From: Junio C Hamano <gitster@pobox.com>
To: "Georgios Kontaxis via GitGitGadget" <gitgitgadget@gmail.com>
Cc: git@vger.kernel.org, "Ævar Arnfjörð Bjarmason" <avarab@gmail.com>,
"brian m. carlson" <sandals@crustytoothpaste.net>,
"Georgios Kontaxis" <geko1702+commits@99rst.org>
Subject: Re: [PATCH v4] gitweb: redacted e-mail addresses feature.
Date: Mon, 22 Mar 2021 11:32:46 -0700 [thread overview]
Message-ID: <xmqqlfaf6nu9.fsf@gitster.g> (raw)
In-Reply-To: <pull.910.v4.git.1616396267010.gitgitgadget@gmail.com> (Georgios Kontaxis via GitGitGadget's message of "Mon, 22 Mar 2021 06:57:46 +0000")
"Georgios Kontaxis via GitGitGadget" <gitgitgadget@gmail.com>
writes:
[note to other reviewers. input from those who are more familiar
with gitweb and Perl is very much appreciated on this patch].
> From: Georgios Kontaxis <geko1702+commits@99rst.org>
>
> Gitweb extracts content from the Git log and makes it accessible
> over HTTP. As a result, e-mail addresses found in commits are
> exposed to web crawlers and they may not respect robots.txt.
> This may result in unsolicited messages.

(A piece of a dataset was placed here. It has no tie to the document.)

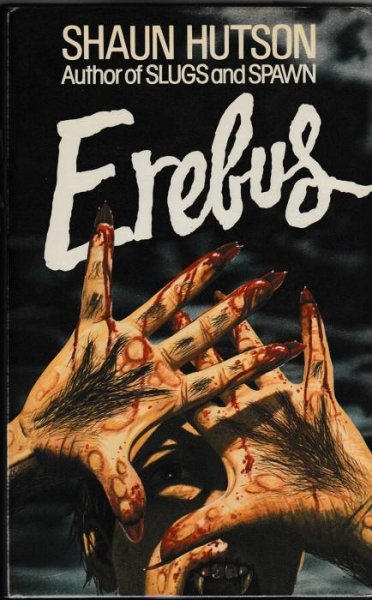 Хатсон Шон. Эребус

"... are exposed to web crawlers, which spammers may use." would be
sufficient as a problem description.
After giving a problem description, it is customery to describe the
solution as if you are ordering the codebase to "be like so", so
instead of this ...
> This is a feature for redacting e-mail addresses
> from the generated HTML, etc. content.
... we may say something like
Introduce an 'email-privacy' feature, which defaults to false,
that redacts e-mail addresses that appear as author/committer
info and in log messages from the generated HTML content.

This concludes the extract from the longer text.